-- WHAT TO WORK ON --
Leave out the pictures and retype exactly the lines from the one with "Four neutral-tone knit" through the end of the records.

[Data extracted from a collection]
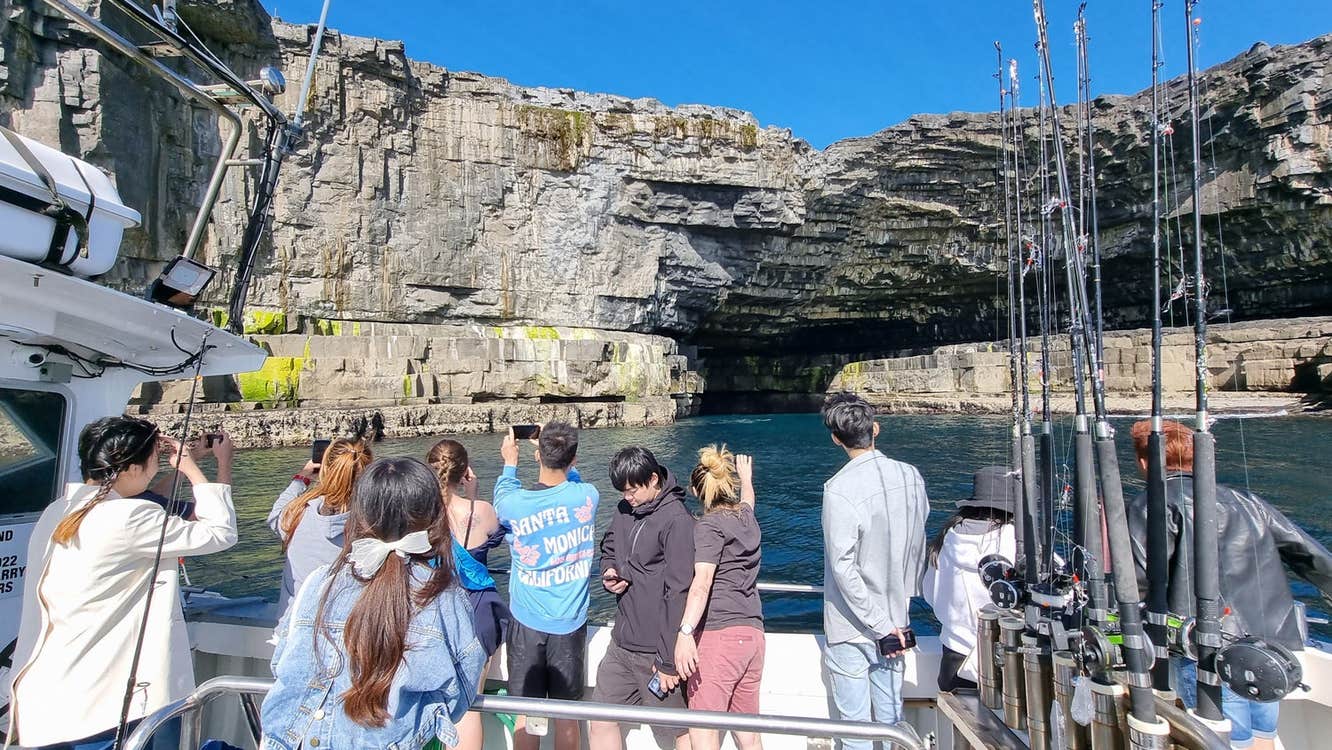A group of people on a boat looking up at a cliff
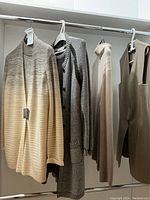 Four neutral-tone knit garments hanging on a clothing rack: ombré cardigan, gray cardigan, beige turtleneck, tan vest.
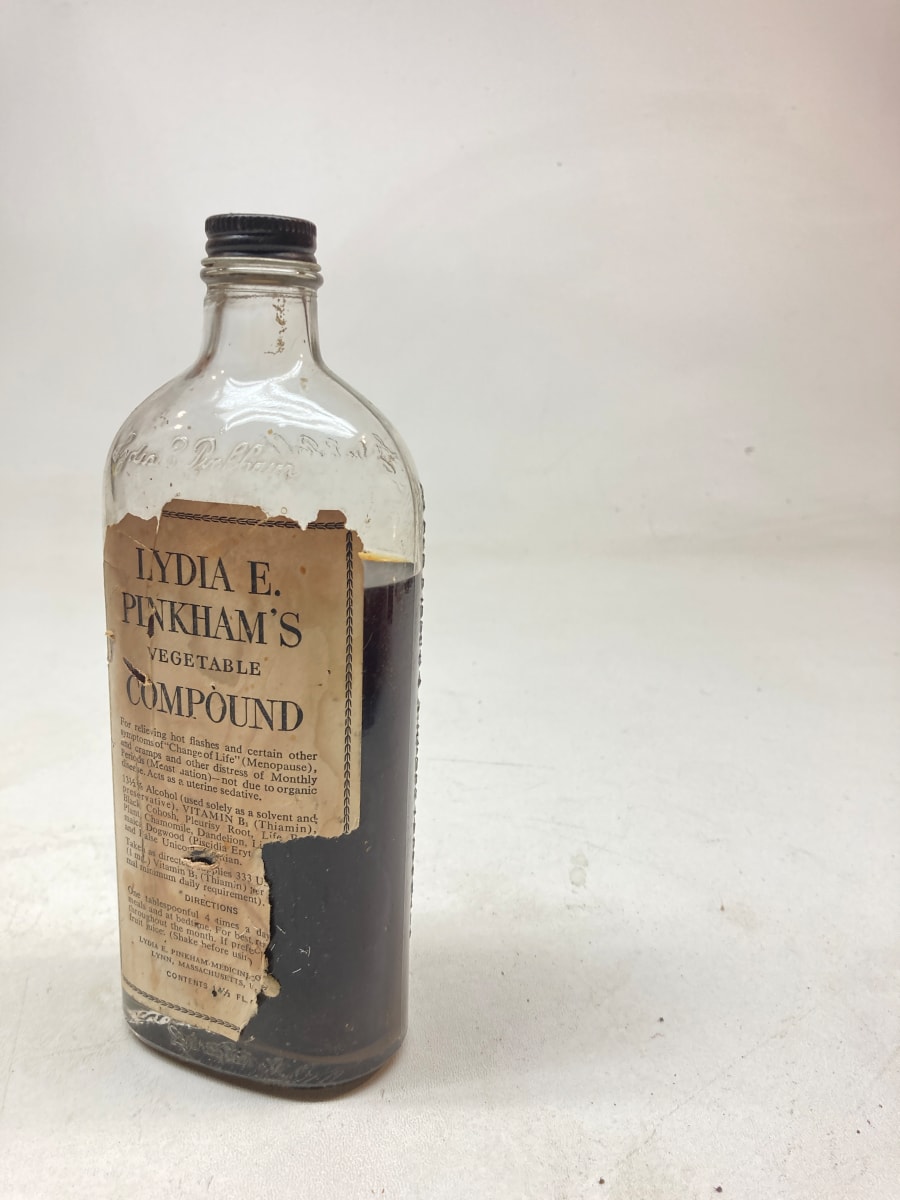 embossed vintage glass advertising lidded bottle 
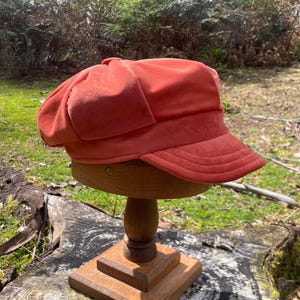 May include: A solid burnt orange newsboy cap featuring a soft, suede-like texture, a rounded crown with multiple panels, and a short, stiff brim with horizontal stitching detail. The cap is displayed on a wooden stand to show its shape.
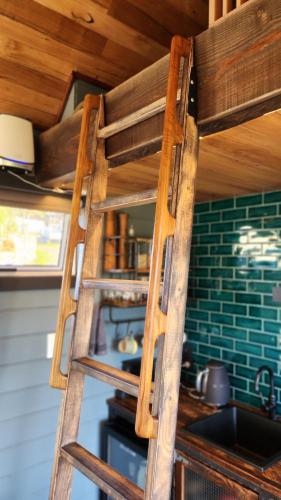 a wooden ladder in a kitchen with a sink at Appledore - Cabin in the Valley in Glen Huon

-- YOUR SOLUTION --
 Four neutral-tone knit garments hanging on a clothing rack: ombré cardigan, gray cardigan, beige turtleneck, tan vest.
 embossed vintage glass advertising lidded bottle 
 May include: A solid burnt orange newsboy cap featuring a soft, suede-like texture, a rounded crown with multiple panels, and a short, stiff brim with horizontal stitching detail. The cap is displayed on a wooden stand to show its shape.
 a wooden ladder in a kitchen with a sink at Appledore - Cabin in the Valley in Glen Huon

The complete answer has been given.